Schema of a simple grammar

Schema of a simple grammar

The learning process step is achieved by a set of active experiments that stimulate a real client or server implementation using successive sequences of input symbols and analyze its responses.

In Netzob, the automata used to represent or model a communication protocol is an extended version of a Mealy automata which includes semi-stochastic transitions, contextualized and parametrized inputs and outputs. The first academic presention of this model is included in a dedicated scientific paper provided in the documentation section.

The model is inferred through a dedicated active process which consists in stimulating an implementation and to analyze its responses. In this process, we use the previously infered vocabulary to discover and to learn the grammar of the communication protocol. Each stimulation is computed following an extension of the Angluin L algorithm*.

Protocol simulation

One of our main goal is to generate realistic network traffic from undocummented protocols. Therefore, we have implemented a dedicated module that, given vocabulary and grammar models previously infered, can simulate a communication protocol between multiple bots and masters. Besides their use of the same model, each actors is independent from the others and is organized around three main stages.

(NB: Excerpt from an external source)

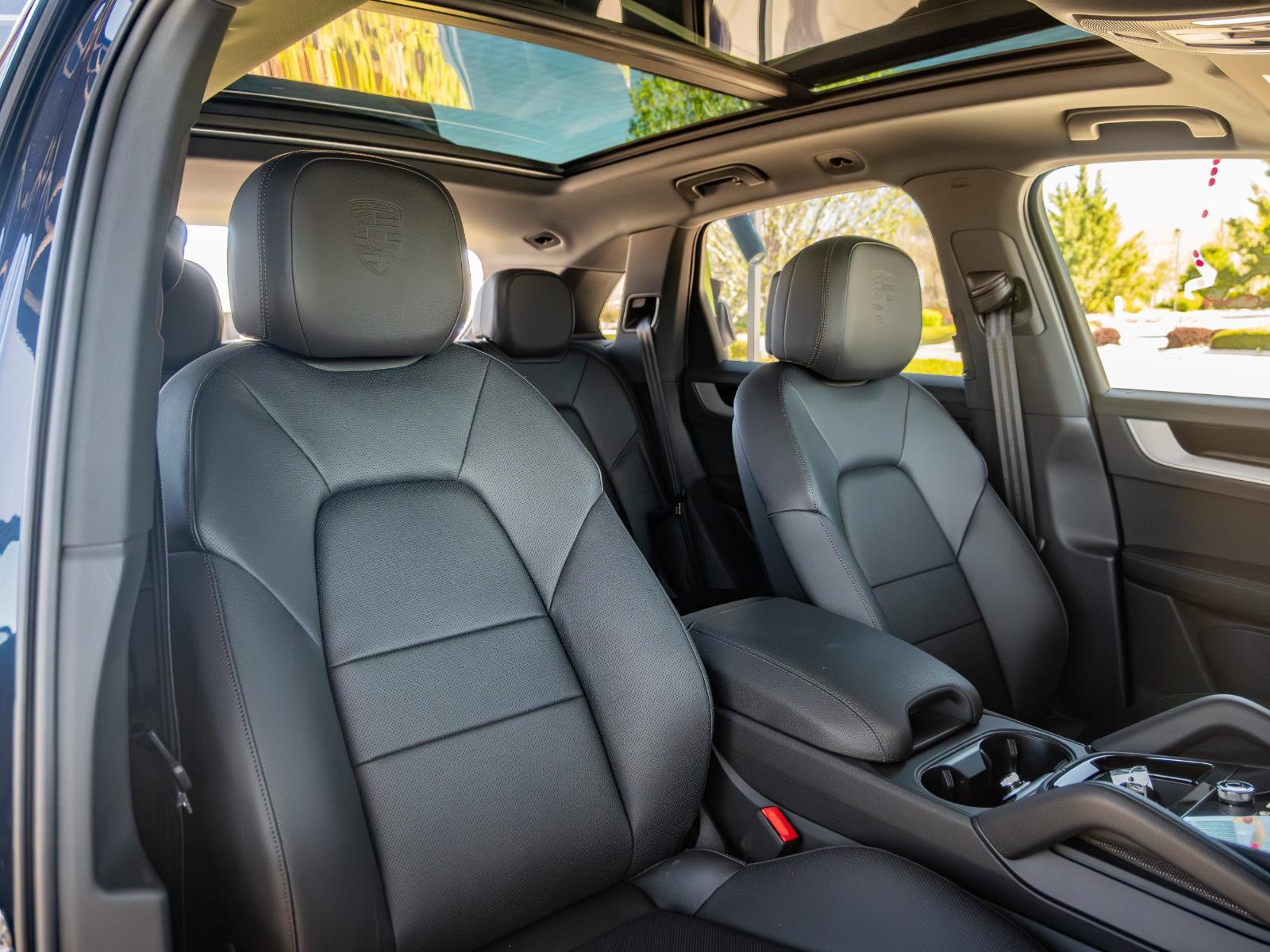 2026 Porsche Cayenne Base - Photo 13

The first stage is a dedicated library that reads and writes from the network channel. It also parses the flow in messages according to previous protocols layers. The second stage uses the vocabulary to abstract received messages into symbols and vice-versa to specialize emitted symbols into messages. A memory buffer is also available to manage dependency relations. The last stage implements the grammar model and computes which symbols must be emitted or received according to the current state and time.

Smart fuzzing with Netzob

A typical example of dynamic vulnerability analysis is the robustness tests. It can be used to reveal software programming errors which can leads to software security vulnerabilities. These tests provide an efficient and almost automated solution to easily identify and study exposed surfaces of systems. Nevertheless, to be fully efficient, the fuzzing approaches must cover the complete definition domain and combination of all the variables which exist in a protocol (IP adresses, serial numbers, size fields, payloads, message identifer, etc.). But fuzzing typical communication interface requires too many test cases due to the complex variation domains introduced by the semantic layer of a protocol. In addition to this, an efficient fuzzing should also cover the state machine of a protocol which also brings another huge set of variations. The necessary time is nearly always too high and therefore limits the efficiency of this approach.

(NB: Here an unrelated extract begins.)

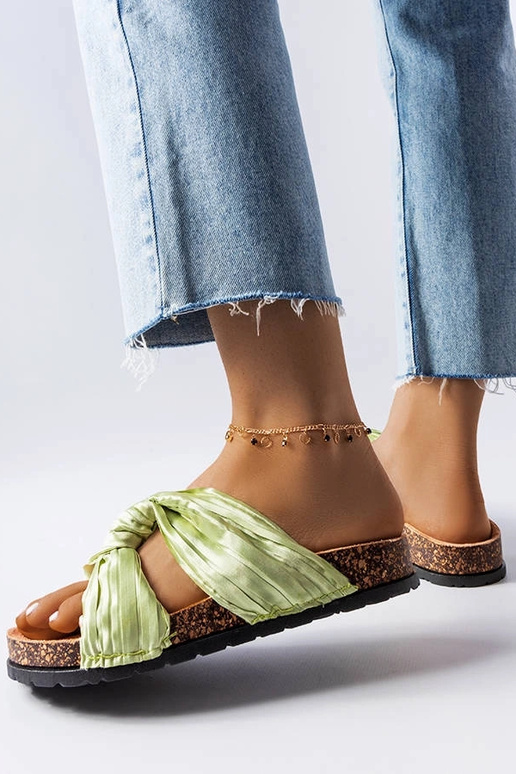 Infradito verdi decorate con...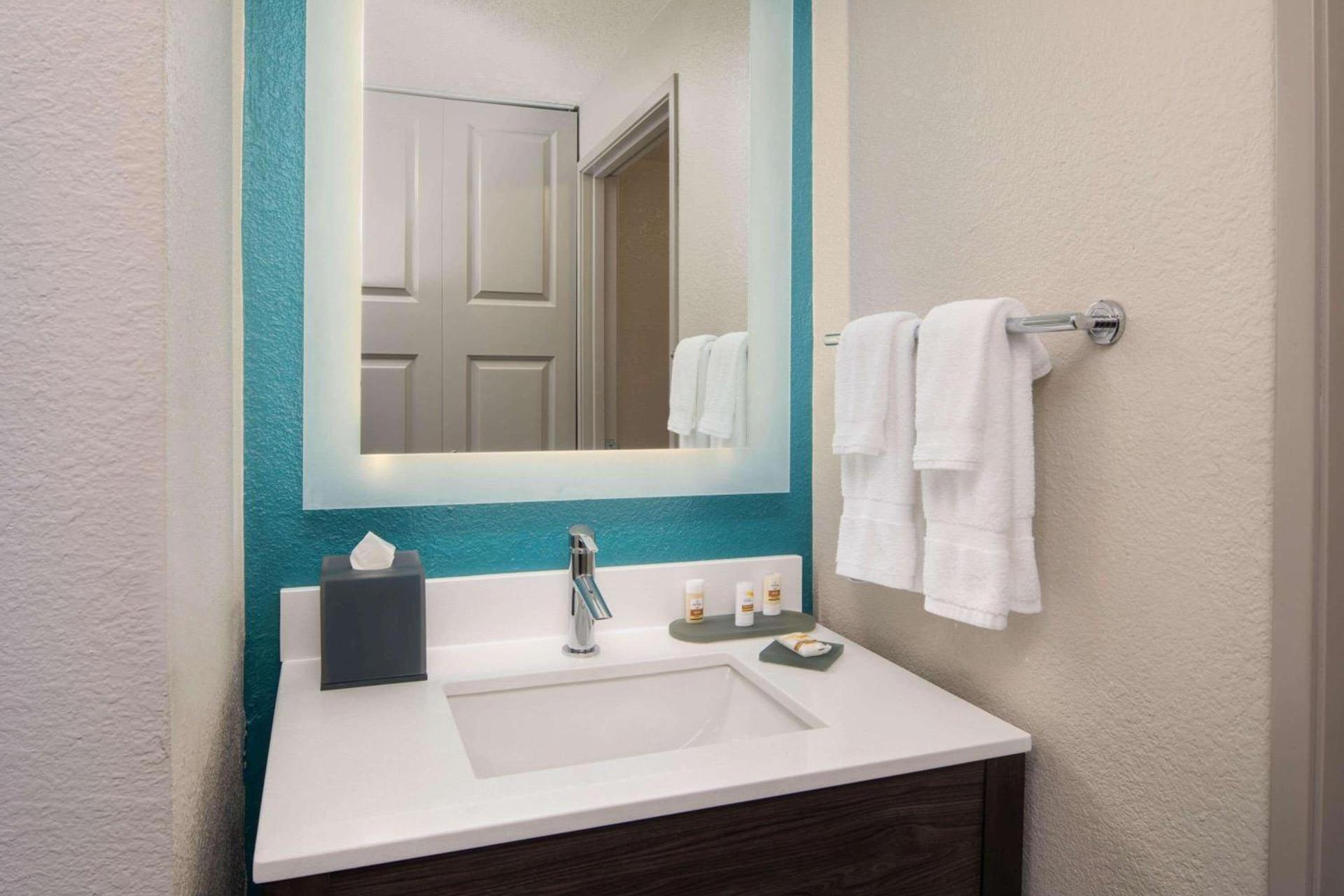 La Quinta by Wyndham Atlanta Airport North photo 33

With all these contraints, achieving robustness tests on a target is feasible only if the expert has access to a specially designed tool for the targeted protocol. Hence the emergence of a large number of tools to verify the behavior of an application on one or more communication protocols. However in the context of proprietary communications protocols for which no specifications are published, fuzzers do not provide optimal results.

Netzob helps the security evaluator by simplifying the creation of a dedicated fuzzer for a proprietary or undocumented protocol. It allows the expert to execute a semi-automated inferring process to create a model of the targeted protocol. This model can afterward be refined by the evaluator. Finally, the created model is included in the fuzzing module of Netzob which considers the vocabulary and the grammar of the protocol to generate optimized and specific test cases. Both mutation and generation are available for fuzzing.

Export protocol model

The following export formats are currently provided by Netzob:

  • XML format
  • human readable (Wireshark like)
  • Peach fuzzer export: this allows to combine efficiency of Peach Fuzzer on previously undocummented protocols.

Besides, you can write your own exporter to manipulate the inferred protocol model in your favorite tool.